The European Union slammed what it termed as
the ‘collective punishment’ of impoverished
Gaza’s 1.5 million residents, leading
calls for an end to the crippling measure. The
United Nations warned it would be forced to
stop distributing food to hundreds of thousands
of people unless Israel opened the crossings
to allow in supplies. ‘If the present
situation pertains, on Wednesday or Thursday
we are going to have to stop food distribution
to 860,000 people,’ Christopher Gunness,
a spokesman for the UN agency for Palestinian
refugees (UNRWA), told the newsmen.
Gaza’s sole power plant, which provides
electricity to main population centre Gaza City,
shut down late Sunday after it ran out of fuel,
plunging entire blocks into darkness. With Gaza
crossings closed and fuel for generators slowly
running out, the International Committee of
the Red Cross (ICRC) warned that hospitals in
the territory only had a few days’ worth
of fuel to run their generators. But Israel
dismissed warnings of a humanitarian meltdown,
saying Hamas was exaggerating the situation
in the territory that had reserves. ‘As
far as I’m concerned, all of Gaza’s
residents can walk, and have no fuel for their
cars because they are governed by a murderous
terrorist regime,’ Prime Minister Ehud
Olmert said in remarks broadcast on army radio.

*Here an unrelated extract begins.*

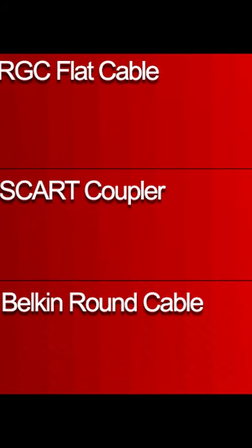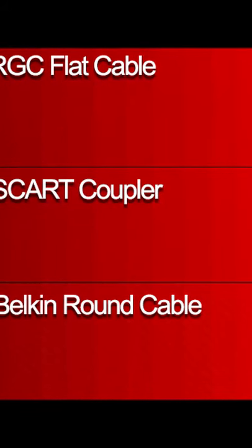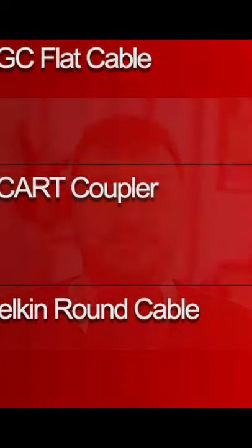Here's the color bar test next to the SCART coupler as well as that unshielded Belkin cable I reviewed last week. Also, here's an audio comparison that allows you to hear the different levels of hum between the different solutions, and you should be able to hear it right after the sound effect and as the white screen is still on screen.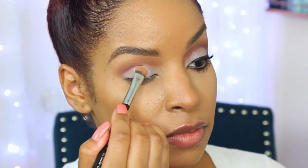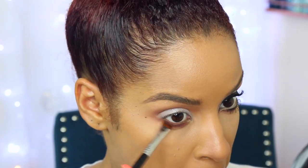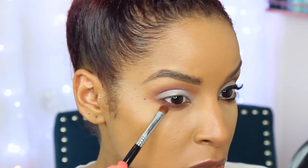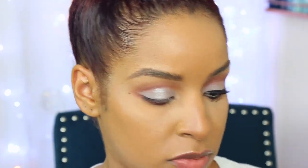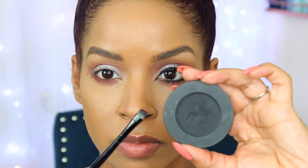Now I'm going to go back into 'Enigma' and work the bottom lash line. I'm taking that brush once again that I used the first time and I'm just going to apply this to my lash line, smoking it out — the more you go back and forth the smokier it will appear.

Meeting visiting Dutch Foreign Minister Maxime
Verhagen, Olmert said:’Hamas is deliberately
intensifying the crisis in the Gaza Strip in
order to create pressure from the international
community on Israel.’ ‘Israel will
not allow a humanitarian crisis in Gaza,’

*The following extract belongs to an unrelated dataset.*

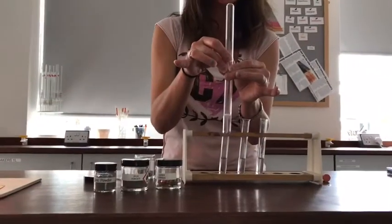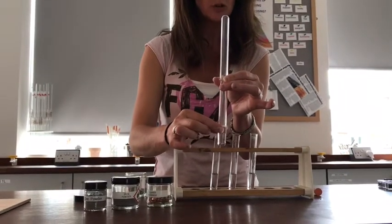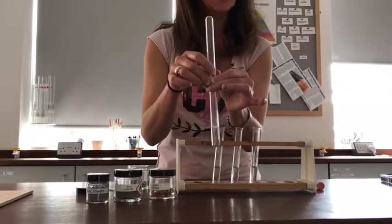This is pretty much finished. You can see there's still a tiny amount of fizzing going on there, and this tube has actually got quite hot around where the magnesium was reacting, so you might like to think of the word we use for reactions that produce heat.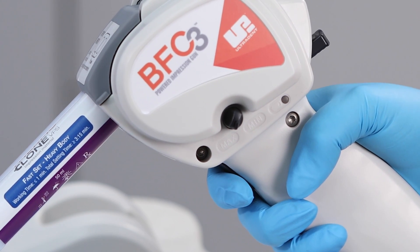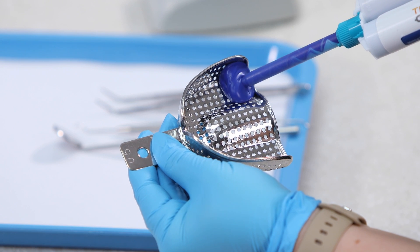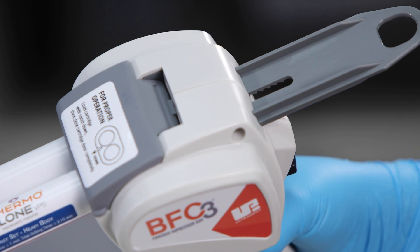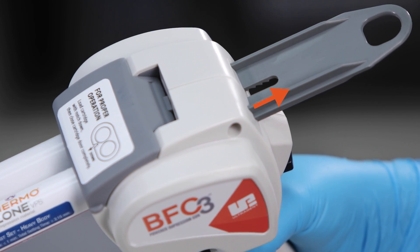Press the trigger to begin dispensing material. To eliminate dripping, the BFC3 plunger will reverse direction momentarily once you release the trigger.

a senior government official quoted him as saying.
‘But the population has to understand
that as long as Hamas rules there, we will provide
them only with the bare minimum.’
EU External Relations Commissioner Benita Ferrero
Waldner hit out against the ‘collective
punishment of the people of Gaza. I urge the
Israeli authorities to restart fuel supplies
and open the crossings for the passage of humanitarian
and commercial supplies.’ Gunness said
that Gaza faced ‘a desperate humanitarian
situation that continues to deteriorate alarmingly’,
while the main UN spokesman in Jerusalem, Richard
Miron, called on the Israelis to make a ‘positive
decision later today to allow fuel shipments
and medicines into Gaza.’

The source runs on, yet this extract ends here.